On 15.01.2005, the wife left the house of her husband and
went to her paternal house with baby son. Thereafter, till October, 2005
mediation through local gentries was taken up to resolve the dispute but
could not yield any result. On 05.11.2005 husband issued a notice
through his lawyer to wife asking her to return to his company, the
wife refused to join. On 20.07.2006 the husband filed C.P. No.149 of
2006 for restitution of conjugal rights. On 15.09.2006, the wife lodged
FIR at Sector-7 Police Station, Rourkela under Sectionsection 498(A) IPC and 4
DP Act vide G.R. Case No.1805 of 2006. The husband and his father
were arrested and remained in custody for some time. On 25.09.2006 the
husband was released on bail. Both husband and his father were
suspended from their services. On 26.04.2007 the husband withdrew the
case for restitution of conjugal rights, i.e., C.P. No.149 of 2006. On
11.10.2008 the husband filed C.P. No.199 of 2008 in the Court of Judge,
Family Court, Rourkela for divorce on the ground of cruelty and
desertion under section 13(I-A)(i) of the SectionHindu Marriage Act, 1955. In
that divorce case both parties adduced oral evidence examining
themselves. On behalf of husband, advocate notice reply, certified copy
of the FIR and suspension orders were marked Exhibits-1 to 5. Learned
Family Judge considering the evidence on record came to the conclusion
that factum of desertion as pleaded by the husband was not proved and
he was debarred to take advantage of his own wrong as per Sectionsection 23 of
the Hindu Marriage Act. Similarly, the husband had failed to establish
the allegation of cruelty as pleaded. Then learned Family Judge felt that
it was just and proper to grant judicial separation instead of divorce only
on the failure of the wife to prove the allegations of extra marital
relationship of her husband with another woman leaving a room for
reconciliation between the spouses. And then a decree of judicial
separation was granted vide Judgment dated 25.08.2011.

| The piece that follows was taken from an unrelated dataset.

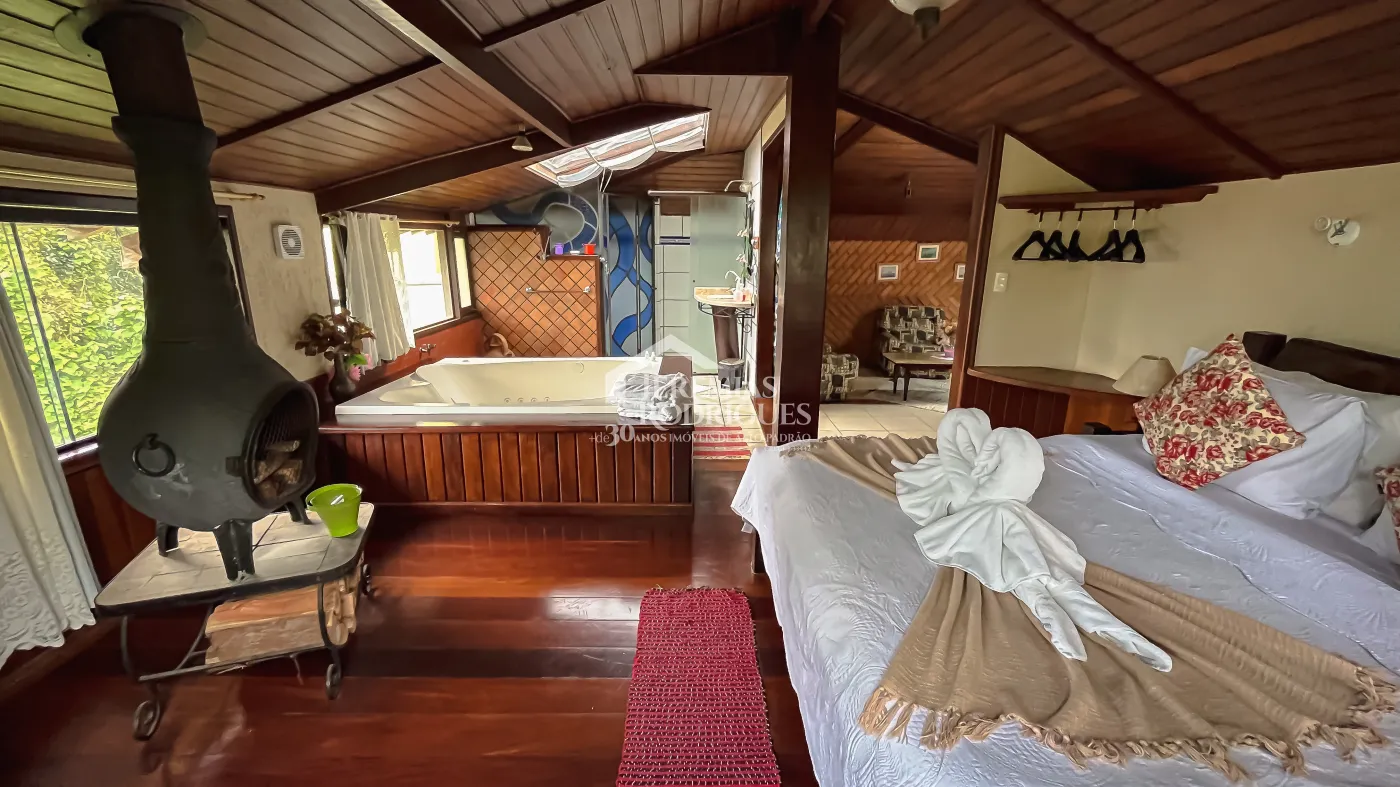 Pousada com 900 m² - Visconde de Mauá/RJ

4. This judicial separation decree dtd.25.08.2011 becomes a
frontier for both the spouses thereafter.
C.P. No.250 of 2012 was filed by the husband praying
divorce on the ground that more than one year had been elapsed since
the passing of the decree of Judicial Separation on 25.08.2011 in C.P.

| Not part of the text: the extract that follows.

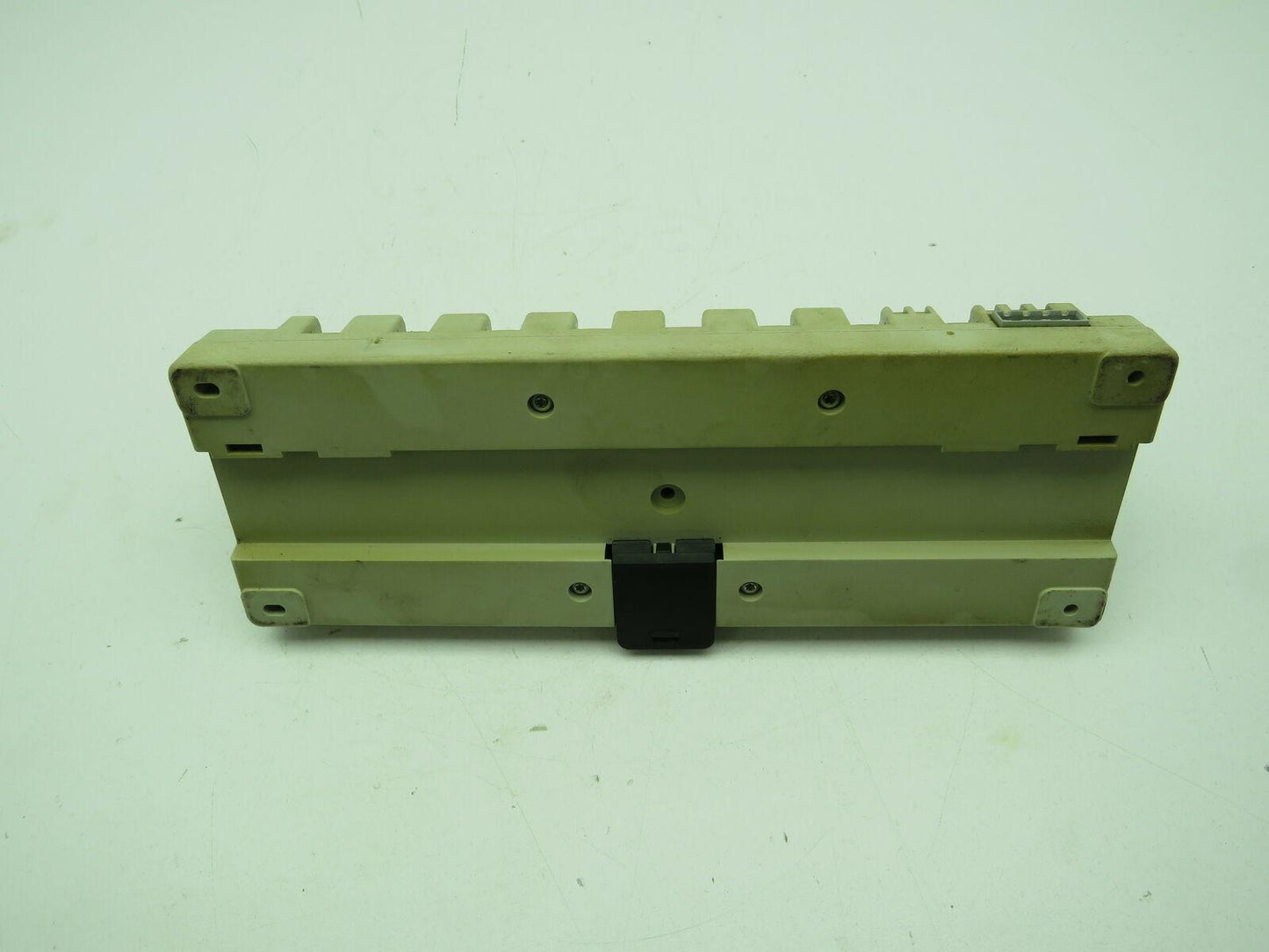 Siemens 6FC5111-0CA73-0AA1 PLC 8 Slot Chassis Backplane Rack Version C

No.199 of 2008 and there was no resumption of co-habitation between
the parties. Further there was no possibility of reunion between them.
The wife filed written statement admitting marriage and the decree of
Judicial Separation. But urged about non-payment of interim
maintenance granted by the Court. She had also pleaded that during her
stay in the house of husband, she was cruelly treated and her effort to
resume co-habitation by sending letter on 14.08.2012 had not been
responded. She prayed to dismiss the prayer for dissolution of marriage.

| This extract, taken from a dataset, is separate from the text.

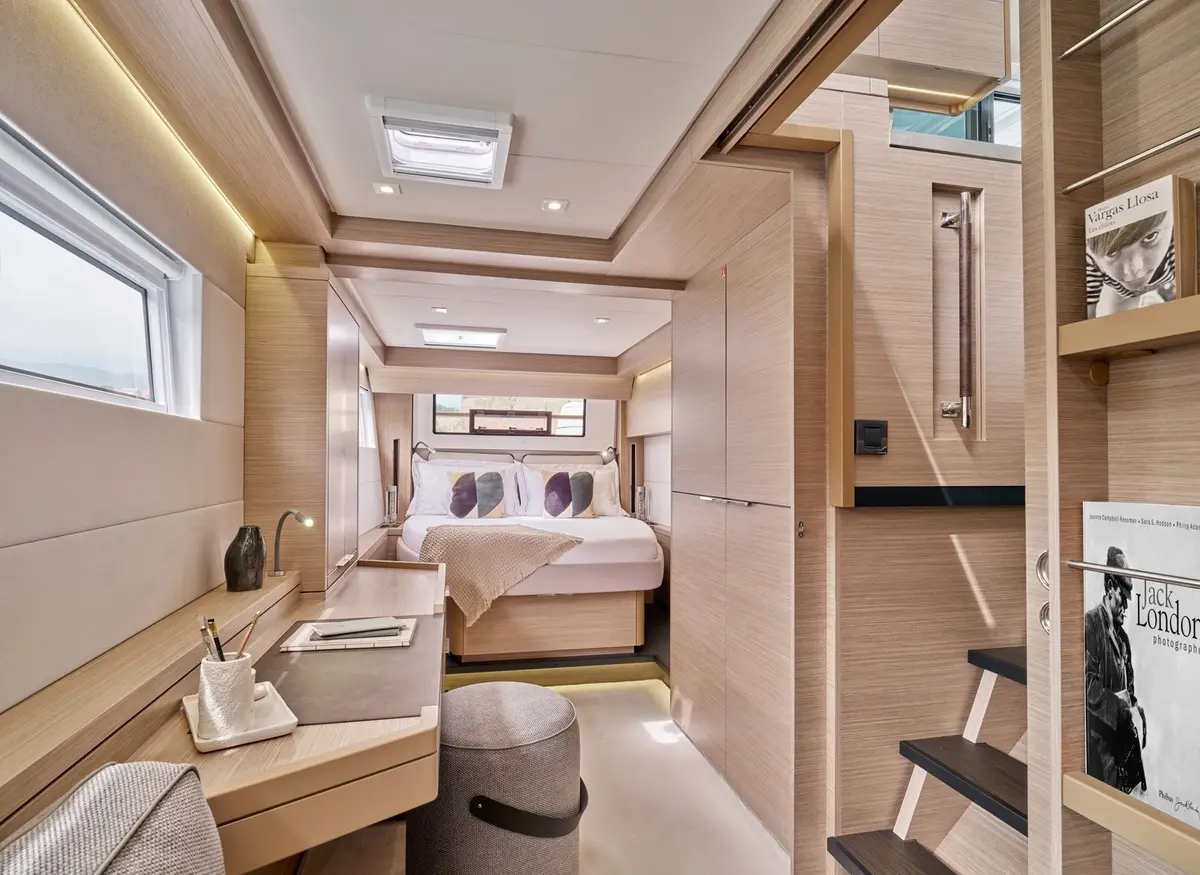 Lagoon 5.1, flybridge — Ibiza Yachts Hire, Ibiza. Lagoon 5.1 — 14m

5. Wife and her minor son filed C.P. No.210 of 2011 under
section 18 and 20 of Hindu Adoption and SectionMaintenance Act against
husband/father stating that since 29.03.2005 she being driven out, had
been staying in her father’s house. She had no independent source of
income. Her son was pursuing study in an English Medium School, at
Kansabahal. Husband was working as a Junior Executive in Rourkela
Steel plant having monthly income of Rs.32,000/-. She claimed
Rs.12,000/- for herself and 6,000/- per month for her son towards
The husband/father filed counter admitting relationship. He
disputed the grounds for separate living. He stated that he was drawing
Rs.26,500/- salary per month out of which he was repaying loan
installment and insurance. He asserted that he was paying interim
maintenance Rs.3000/- per month as per order passed under Sectionsection 24
of Hindu Marriage Act in C.P. No.199 of 2008. He had expressed his
readiness to pay Rs.3000/- per month as he was unable to give the
claimed amount Rs.18000/- to both wife and son.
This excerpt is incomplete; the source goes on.